Cenas como essa ocorrem às centenas diariamente. Elas não surgem do nada – são um espelho da tensão social além dos muros da escola. Incontáveis escolas públicas estão inseridas em contextos de vulnerabilidade onde os conflitos costumam ser resolvidos com violência de todos os tipos, inclusive física. Em parte, isso também se perpetua pela falta de conhecimento sobre outras formas de enfrentamento dos conflitos.

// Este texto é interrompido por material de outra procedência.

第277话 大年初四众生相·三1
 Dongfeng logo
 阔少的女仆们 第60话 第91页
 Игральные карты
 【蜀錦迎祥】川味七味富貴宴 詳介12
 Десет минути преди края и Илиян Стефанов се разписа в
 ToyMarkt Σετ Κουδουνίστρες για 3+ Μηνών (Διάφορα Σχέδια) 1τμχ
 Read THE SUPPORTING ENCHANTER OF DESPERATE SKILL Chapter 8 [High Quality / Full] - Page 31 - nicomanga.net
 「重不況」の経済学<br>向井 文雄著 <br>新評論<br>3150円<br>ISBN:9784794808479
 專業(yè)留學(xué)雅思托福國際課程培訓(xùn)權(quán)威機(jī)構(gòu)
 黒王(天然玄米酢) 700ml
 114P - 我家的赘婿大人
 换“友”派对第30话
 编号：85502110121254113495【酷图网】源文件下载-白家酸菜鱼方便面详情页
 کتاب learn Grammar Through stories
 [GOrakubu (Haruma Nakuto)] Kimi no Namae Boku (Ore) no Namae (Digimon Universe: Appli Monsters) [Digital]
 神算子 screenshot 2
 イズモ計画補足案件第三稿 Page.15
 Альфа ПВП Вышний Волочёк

O papel da escola na resolução de conflitos
Diante disso, como a sociedade está se posicionando? Por um lado, buscam-se modos “rápidos” e, aparentemente, eficientes para evitar e conter situações de violência. Nessa linha, uma das soluções apresentadas tem sido a conversão de escolas públicas em locais assemelhados aos quartéis. Inspiradas nos modelos de administração militar, e denominadas ‘cívico-militares’, essas escolas foram criadas em 2019 por um decreto federal. Embora esse decreto tenha sido revogado por outro em 2023, estados como São Paulo e Amazonas, entre outros, estão criando programas e escolas com esse perfil.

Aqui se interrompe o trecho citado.